Sous l'Ancien Régime déjà, le système de milice s'étendait au domaine politique. Dans la Constitution de la République helvétique, l'article 25 sur l'astreinte au service militaire était précédé d'un article obligeant le jeune citoyen à prêter serment de servir sa patrie. Après 1830, les constitutions des cantons régénérés appliquèrent le système de milice aux communes et à leur administration. Les citoyens devaient assumer dans toutes les affaires publiques leur part de responsabilité pour le bien commun. Ce principe servait de fondement à l'Etat républicain, qui y puisait en permanence sa vitalité. Il était donc courant de voir d'importantes fonctions publiques revêtues non par des magistrats ou des fonctionnaires engagés de manière fixe, mais par des citoyens appelés à ces charges pour une durée limitée. Le système était principalement appliqué au niveau communal (notamment pour les membres de l'exécutif et pour le bureau de vote). Au XIXe s., ce principe rejoignit les revendications du mouvement démocratique, qui démocratisa l'accès aux autorités cantonales.

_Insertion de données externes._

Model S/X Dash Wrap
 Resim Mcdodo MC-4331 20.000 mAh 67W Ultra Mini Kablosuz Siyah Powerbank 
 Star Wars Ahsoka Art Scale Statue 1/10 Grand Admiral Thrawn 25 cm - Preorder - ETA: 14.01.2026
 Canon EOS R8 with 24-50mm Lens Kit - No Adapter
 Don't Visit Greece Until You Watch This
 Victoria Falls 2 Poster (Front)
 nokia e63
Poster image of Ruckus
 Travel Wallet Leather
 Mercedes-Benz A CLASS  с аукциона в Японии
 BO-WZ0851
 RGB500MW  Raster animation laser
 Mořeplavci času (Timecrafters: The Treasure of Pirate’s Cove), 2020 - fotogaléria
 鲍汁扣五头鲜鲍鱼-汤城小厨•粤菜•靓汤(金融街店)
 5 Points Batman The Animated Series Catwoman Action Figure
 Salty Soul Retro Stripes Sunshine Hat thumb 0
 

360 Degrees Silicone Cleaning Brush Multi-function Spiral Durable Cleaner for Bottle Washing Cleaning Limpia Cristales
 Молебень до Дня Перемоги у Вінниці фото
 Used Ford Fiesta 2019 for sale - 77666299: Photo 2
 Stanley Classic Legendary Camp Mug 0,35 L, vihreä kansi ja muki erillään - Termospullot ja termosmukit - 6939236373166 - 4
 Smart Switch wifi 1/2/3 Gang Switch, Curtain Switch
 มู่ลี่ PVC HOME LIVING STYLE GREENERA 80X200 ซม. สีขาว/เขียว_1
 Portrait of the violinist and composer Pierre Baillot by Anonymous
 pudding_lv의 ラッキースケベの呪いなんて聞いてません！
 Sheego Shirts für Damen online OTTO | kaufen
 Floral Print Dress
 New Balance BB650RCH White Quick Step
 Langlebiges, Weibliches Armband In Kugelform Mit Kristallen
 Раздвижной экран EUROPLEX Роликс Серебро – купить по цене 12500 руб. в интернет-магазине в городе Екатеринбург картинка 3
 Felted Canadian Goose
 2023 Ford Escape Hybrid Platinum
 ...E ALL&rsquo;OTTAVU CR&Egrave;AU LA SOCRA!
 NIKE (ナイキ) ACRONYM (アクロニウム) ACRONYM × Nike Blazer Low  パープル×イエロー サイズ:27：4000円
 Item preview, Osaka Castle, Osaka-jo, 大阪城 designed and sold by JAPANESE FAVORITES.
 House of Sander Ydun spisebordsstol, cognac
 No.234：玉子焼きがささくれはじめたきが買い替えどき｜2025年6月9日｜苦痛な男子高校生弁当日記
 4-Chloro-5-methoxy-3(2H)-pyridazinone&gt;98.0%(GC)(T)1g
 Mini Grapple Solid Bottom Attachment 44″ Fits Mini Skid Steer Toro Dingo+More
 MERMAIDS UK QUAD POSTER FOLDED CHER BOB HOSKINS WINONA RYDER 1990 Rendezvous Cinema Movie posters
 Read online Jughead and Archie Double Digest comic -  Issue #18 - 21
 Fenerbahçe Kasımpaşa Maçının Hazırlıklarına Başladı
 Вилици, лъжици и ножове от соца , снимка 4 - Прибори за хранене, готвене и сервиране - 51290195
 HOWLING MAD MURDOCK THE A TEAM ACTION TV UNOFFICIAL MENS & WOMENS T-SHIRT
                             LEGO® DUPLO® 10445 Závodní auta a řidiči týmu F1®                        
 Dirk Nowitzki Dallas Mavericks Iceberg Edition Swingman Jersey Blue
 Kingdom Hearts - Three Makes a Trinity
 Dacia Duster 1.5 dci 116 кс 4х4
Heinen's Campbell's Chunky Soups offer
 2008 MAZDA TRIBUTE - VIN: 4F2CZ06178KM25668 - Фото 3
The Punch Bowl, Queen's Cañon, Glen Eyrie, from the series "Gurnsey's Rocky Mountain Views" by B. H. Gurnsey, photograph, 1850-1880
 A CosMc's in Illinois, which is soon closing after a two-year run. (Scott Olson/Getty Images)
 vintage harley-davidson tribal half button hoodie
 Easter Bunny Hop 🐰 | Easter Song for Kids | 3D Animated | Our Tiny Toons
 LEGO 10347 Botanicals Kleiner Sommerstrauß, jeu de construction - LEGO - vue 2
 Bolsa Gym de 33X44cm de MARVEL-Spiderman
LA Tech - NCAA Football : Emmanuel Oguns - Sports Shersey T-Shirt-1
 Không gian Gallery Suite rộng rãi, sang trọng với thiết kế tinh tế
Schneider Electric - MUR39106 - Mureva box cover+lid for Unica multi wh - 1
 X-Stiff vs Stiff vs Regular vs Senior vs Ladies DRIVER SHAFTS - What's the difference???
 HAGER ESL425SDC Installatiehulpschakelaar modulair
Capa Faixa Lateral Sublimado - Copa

Le système de milice s'établit également dans le domaine privé et dans la société civile, dès lors que les associations de personnes physiques, autorisées par la liberté d'association, comptaient sur le travail bénévole de leurs membres. De même que les charges publiques communales ou cantonales, les charges au sein des sociétés étaient assumées bénévolement et pour une période définie. Le terme est même utilisé dans l'économie à propos des fonctions exercées à titre extraprofessionnel dans les conseils d'administration et de fondation.
Sérieusement entamé au XXe s., ce système est en déclin. Même Armée XXI a allégé le principe en introduisant les statuts de militaires en service long et de militaires contractuels. L'accroissement des exigences a entraîné la professionnalisation de nombreuses charges publiques et la suppression par exemple des commissions de protection de la jeunesse ou de la commission fédérale de recours, remplacée en 2007 par le Tribunal administratif fédéral. Les associations souffrent elles aussi du manque de bénévoles. Dans de nombreux cantons, les membres du gouvernement et les juges des instances supérieures sont depuis longtemps des professionnels engagés à plein temps. Dès ses débuts, l'administration a été organisée pour des agents salariés et, au fur et à mesure de son extension, elle s'est substituée à plusieurs commissions de milice. En revanche, les élus des législatifs communaux et cantonaux exercent encore leur mandat à titre extraprofessionnel. Au niveau fédéral, les tentatives de professionnalisation des Chambres ont échoué jusqu'à présent; en 1992, les citoyens ont notamment refusé en votation populaire la loi sur les indemnités parlementaires et celle sur les coûts d'infrastructure. Il n'en demeure pas moins qu'au début du XXIe s., un mandat de conseiller national ou de conseiller aux Etats représente l'équivalent d'un travail à mi-temps.